Il n'existait pas ainsi de position tranchée de la juridiction administrative suprême sur le sujet.


C'est chose faite depuis l'arrêt du Conseil d'État du 3 juillet 2023.


Une nouvelle position de principe : le congé maladie n'empêche l'exécution immédiate d'aucune sanction disciplinaire


Par son arrêt du 3 juillet 2023, le Conseil d'État clarifie l'errance jurisprudentielle permise par les arrêts de la cour administrative d'appel de Marseille par la prise d'une position de principe.


D'une part, les juges du Palais Royal indiquent de manière dorénavant générale, tout sanction confondue, que : « la procédure disciplinaire et la procédure de mise en congé de maladie sont des procédures distinctes et indépendantes, et la circonstance qu'un agent soit placé en congé de maladie ne fait pas obstacle à l'exercice de l'action disciplinaire à son égard ni, le cas échéant, à l'entrée en vigueur d'une décision de sanction.»


Les décisions de sanction disciplinaire peuvent donc dorénavant, quelles qu'elles soient, entrer en vigueur (c'est-à-dire prendre leurs effets) malgré le fait que l'agent objet de la sanction soit placé en congé maladie : il n'est plus question d'obliger le report d'entrée en vigueur d'une sanction disciplinaire (dont les exclusions temporaires de fonction) du fait d'un congé maladie.


Et le Conseil d'État en précise immédiatement, de manière très didactique, les conséquences s'agissant particulièrement de l'exclusion temporaire de fonctions.


La Haute Assemblée rappelle en effet que les règles « selon lesquelles le fonctionnaire conserve, selon la durée du congé [maladie], l'intégralité ou la moitié de son traitement, ont pour seul objet de compenser la perte de rémunération due à la maladie en apportant une dérogation au principe [...] subordonnant le droit au traitement au service fait. Elles ne peuvent avoir pour effet d'accorder à un fonctionnaire bénéficiant d'un congé de maladie des droits à rémunération supérieurs à ceux qu'il aurait eus s'il n'en avait pas bénéficié. »

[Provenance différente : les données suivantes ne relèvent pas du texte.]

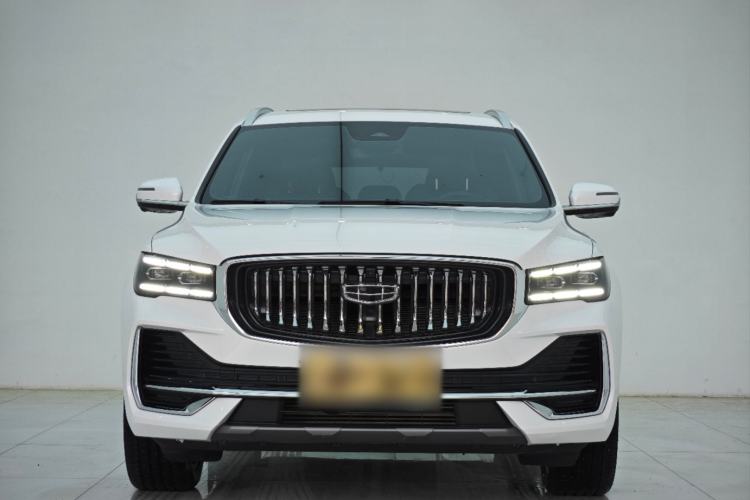 Used Geely Auto Monjaro L 2024 2.0TD DCT EVO Two-Wheel Drive Long-Range Version Exterior 1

Or, l'agent objet d'une exclusion temporaire de fonctions étant par essence privé de rémunération durant l'exclusion, « il ne saurait, pendant cette période, bénéficier d'un maintien de sa rémunération à raison de son placement en congé de maladie. »


Aussi, le congé maladie ne permet plus à l'agent public d'échapper à la mise en œuvre d'une sanction disciplinaire d'exclusion temporaire de fonctions, que ce soit s'agissant de la date d'entrée en vigueur de la sanction, que des conséquences financières de cette dernière.


Cette position salutaire vient mettre fin à une insécurité, tant pour les agents que pour les administrations, dans l'application de ces sanctions dans le temps, et poser de manière générale une distinction franche entre les questions de congé maladie et les sanctions disciplinaires.


Il convient toutefois immédiatement de rappeler que ce principe ne s'étend pas aux mesures de suspension conservatoire des articles L. 531-1 et suivants du code général de la fonction publique (anciennement article 30 de la loi n° 83-634 du 13 juillet 1983) : ces mesures, parties intégrantes des procédures disciplinaires, ne constituent pas pour autant des sanctions disciplinaires à proprement parler, sanctions qui sont les seules visées par la décision du Conseil d'État.


Le raisonnement de la décision du 3 juillet 2023 est en effet centré tant sur la notion de sanction que sur les conséquences de cette dernière sur l'agent en termes de rémunération, le Conseil d’État y opposant le droit dérogatoire au maintien de rémunération prévu pour les congés maladie et l'absence de rémunération liée à l'exclusion disciplinaire. Mais les mesures de suspension conservatoire s'accompagnent, elles, d'un maintien de rémunération (art. L. 531-1 CGFP).


Dès lors qu'elles ont par ailleurs pour objet d'écarter temporairement un agent du service, et que l'agent en congé maladie est, par essence, absent du service, il nous semble que la jurisprudence qui prévoit qu'il est mis fin, en cas de congé maladie, à une mesure de suspension conservatoire (CE, 26 juillet 2011, M. T. c/ Ministre de l’intérieur, de l’outre-mer et des collectivités territoriales, req. n° 343837), va continuer d'exister indépendamment de ce nouveau principe relatif aux sanctions disciplinaires à part entière.